Looking at the rest of the Bible beyond Genesis 1, I see examples of translations in the past, and the need for more translations in the present, faithful to the past but in today's language. Jesus did it with his parables. He spoke to people who worshipped God in a temple, who hated their foreign occupiers, and who had a script to follow with focused actions -- perhaps too focused. Paul translated when he encountered Greek culture, seeing "many gods and many lords" worshipped by the people around him and calling them to the creator God, the real one, looming behind the tangle of stories. I still don't know all of what they meant, but that's what makes Bible study so rewarding, the act of connecting and translating it all into a change in how you think or act. It's a holy act of holistically bringing these things together. What do we long for today? What have we found with our experiments, and what do we still need? We have to connect Scripture to two currents of knowledge: what we find from the past and what we need for the future. The God who’s the same yesterday, today, and tomorrow is the constant in the midst of the tumult from those two great currents. Jesus and Paul made the connections; Jesus paid the price, Paul pointed to Jesus; now we are imitators of those great translators.

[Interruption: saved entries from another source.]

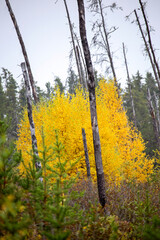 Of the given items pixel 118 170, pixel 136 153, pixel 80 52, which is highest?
pixel 80 52

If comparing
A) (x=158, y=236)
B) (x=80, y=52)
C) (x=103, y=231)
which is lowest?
(x=103, y=231)

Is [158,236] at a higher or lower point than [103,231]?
higher

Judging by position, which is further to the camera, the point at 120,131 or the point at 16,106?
the point at 16,106

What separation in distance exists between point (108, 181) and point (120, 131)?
5.09 metres

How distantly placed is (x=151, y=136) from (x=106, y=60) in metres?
15.8

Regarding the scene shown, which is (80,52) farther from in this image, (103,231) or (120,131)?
(103,231)

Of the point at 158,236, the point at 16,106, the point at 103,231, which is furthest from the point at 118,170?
the point at 16,106

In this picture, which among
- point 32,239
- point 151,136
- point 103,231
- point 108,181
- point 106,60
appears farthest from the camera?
point 151,136

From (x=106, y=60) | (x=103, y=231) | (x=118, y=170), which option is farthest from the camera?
(x=106, y=60)

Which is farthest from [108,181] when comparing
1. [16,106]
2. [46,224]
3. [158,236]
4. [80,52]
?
[16,106]

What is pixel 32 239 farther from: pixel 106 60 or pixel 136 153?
pixel 106 60

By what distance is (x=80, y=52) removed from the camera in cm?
1738

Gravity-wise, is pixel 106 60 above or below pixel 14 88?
below

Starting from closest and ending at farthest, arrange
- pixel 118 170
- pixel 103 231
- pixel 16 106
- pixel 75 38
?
1. pixel 103 231
2. pixel 118 170
3. pixel 75 38
4. pixel 16 106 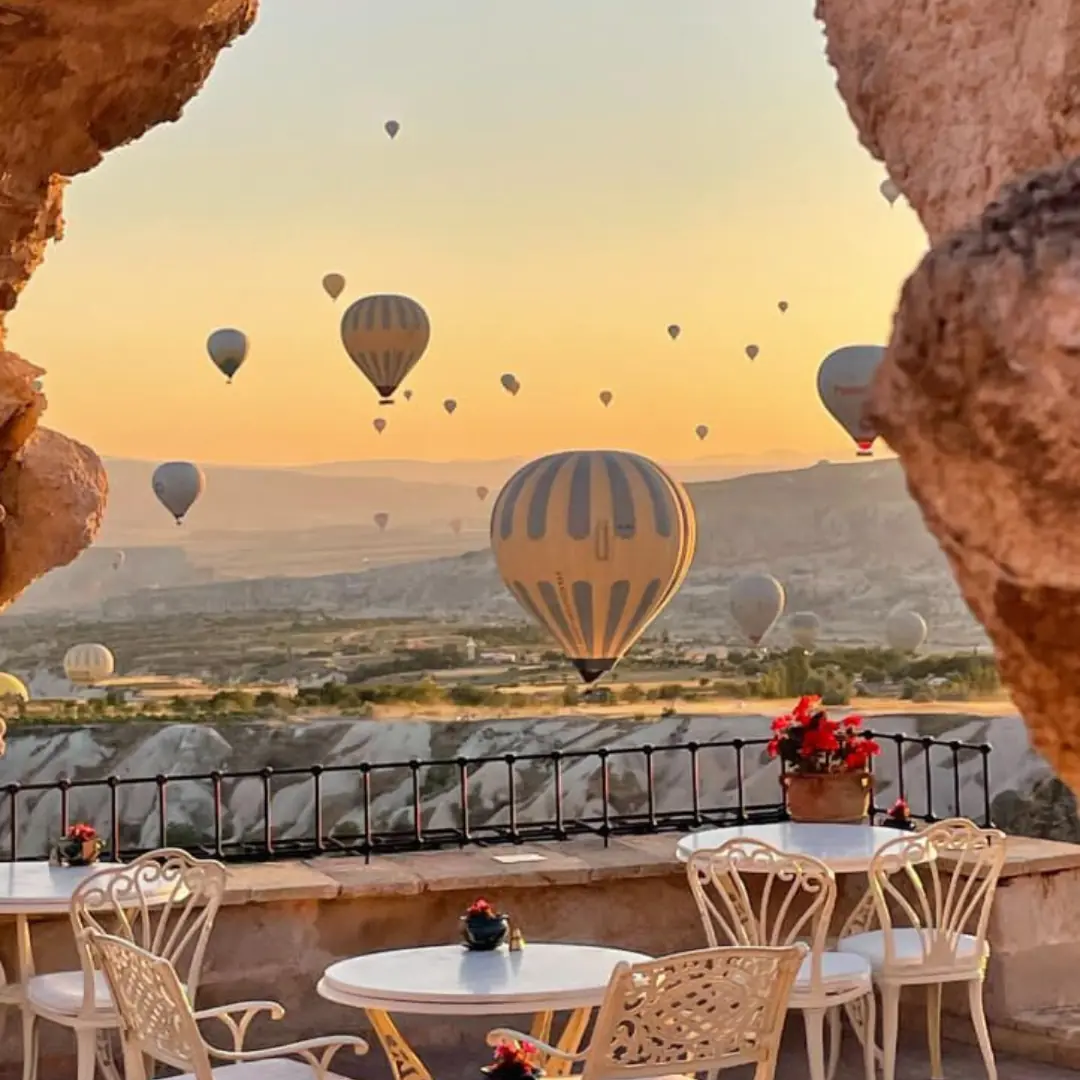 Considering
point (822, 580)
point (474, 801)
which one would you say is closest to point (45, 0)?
point (474, 801)

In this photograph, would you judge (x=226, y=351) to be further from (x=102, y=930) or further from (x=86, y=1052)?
(x=86, y=1052)

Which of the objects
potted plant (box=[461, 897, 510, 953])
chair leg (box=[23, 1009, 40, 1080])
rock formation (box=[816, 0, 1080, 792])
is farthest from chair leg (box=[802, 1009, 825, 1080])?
rock formation (box=[816, 0, 1080, 792])

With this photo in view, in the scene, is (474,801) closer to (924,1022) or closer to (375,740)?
(375,740)

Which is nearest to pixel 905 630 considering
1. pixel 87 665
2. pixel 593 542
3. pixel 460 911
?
pixel 593 542

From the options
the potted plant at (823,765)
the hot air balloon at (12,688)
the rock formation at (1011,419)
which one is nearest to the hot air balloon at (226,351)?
the hot air balloon at (12,688)

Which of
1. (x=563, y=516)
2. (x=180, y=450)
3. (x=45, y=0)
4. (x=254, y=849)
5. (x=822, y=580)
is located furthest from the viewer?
(x=822, y=580)

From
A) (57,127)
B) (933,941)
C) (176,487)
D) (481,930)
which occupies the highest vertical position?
(176,487)

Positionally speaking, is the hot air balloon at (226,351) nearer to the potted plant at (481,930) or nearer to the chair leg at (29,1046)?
the chair leg at (29,1046) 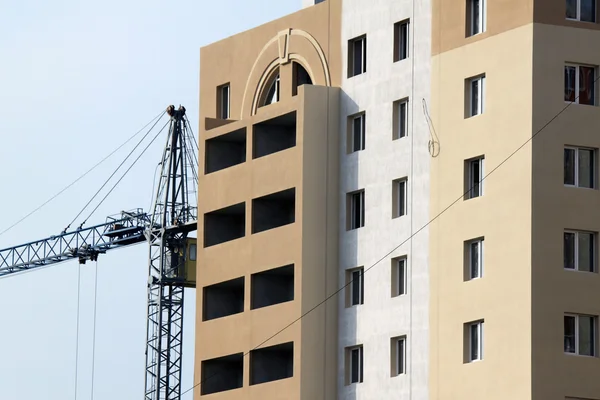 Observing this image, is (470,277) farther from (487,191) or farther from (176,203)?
(176,203)

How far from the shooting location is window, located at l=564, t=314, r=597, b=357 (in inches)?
2530

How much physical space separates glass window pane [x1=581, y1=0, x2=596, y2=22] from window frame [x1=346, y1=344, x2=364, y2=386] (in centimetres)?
1578

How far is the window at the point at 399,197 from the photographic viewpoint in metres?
71.5

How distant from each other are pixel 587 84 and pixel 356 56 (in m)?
12.2

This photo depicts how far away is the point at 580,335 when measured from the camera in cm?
6456

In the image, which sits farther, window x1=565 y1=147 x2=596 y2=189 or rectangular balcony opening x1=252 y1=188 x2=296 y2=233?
rectangular balcony opening x1=252 y1=188 x2=296 y2=233

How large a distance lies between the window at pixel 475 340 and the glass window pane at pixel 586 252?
419 centimetres

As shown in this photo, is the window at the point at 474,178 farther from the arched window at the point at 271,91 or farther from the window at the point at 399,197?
the arched window at the point at 271,91

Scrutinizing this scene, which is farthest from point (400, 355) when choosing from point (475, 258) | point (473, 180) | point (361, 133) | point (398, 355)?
point (361, 133)

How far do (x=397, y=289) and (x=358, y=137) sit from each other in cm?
721

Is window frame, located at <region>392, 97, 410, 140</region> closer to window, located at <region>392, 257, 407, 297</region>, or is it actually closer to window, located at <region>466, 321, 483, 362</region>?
window, located at <region>392, 257, 407, 297</region>

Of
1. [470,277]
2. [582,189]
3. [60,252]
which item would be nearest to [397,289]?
[470,277]

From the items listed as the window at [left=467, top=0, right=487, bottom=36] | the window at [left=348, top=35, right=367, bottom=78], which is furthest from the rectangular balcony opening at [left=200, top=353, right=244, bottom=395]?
the window at [left=467, top=0, right=487, bottom=36]

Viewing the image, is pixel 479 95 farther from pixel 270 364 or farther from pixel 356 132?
pixel 270 364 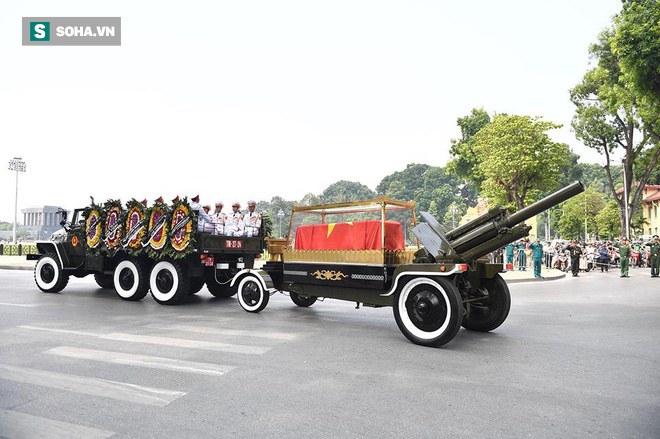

There's a lot of other Bible passages that need to be brought closer to where we live, which is where they belong. I don't know if I can even be successful at this, but I've got ideas for further translations. Even the name of this blog (once I get around to explaining it) has something to do with the act of translation. So I'm going to keep doing it and deciding how to translate next. I challenge you to find what God wants to translate into your life and where, and when he wills, his Spirit will provide the power behind the words we can provide. All we have are words and actions. In his hands he holds what is necessary: the life. It's what he made in the first place, so he certainly knows what to do with it.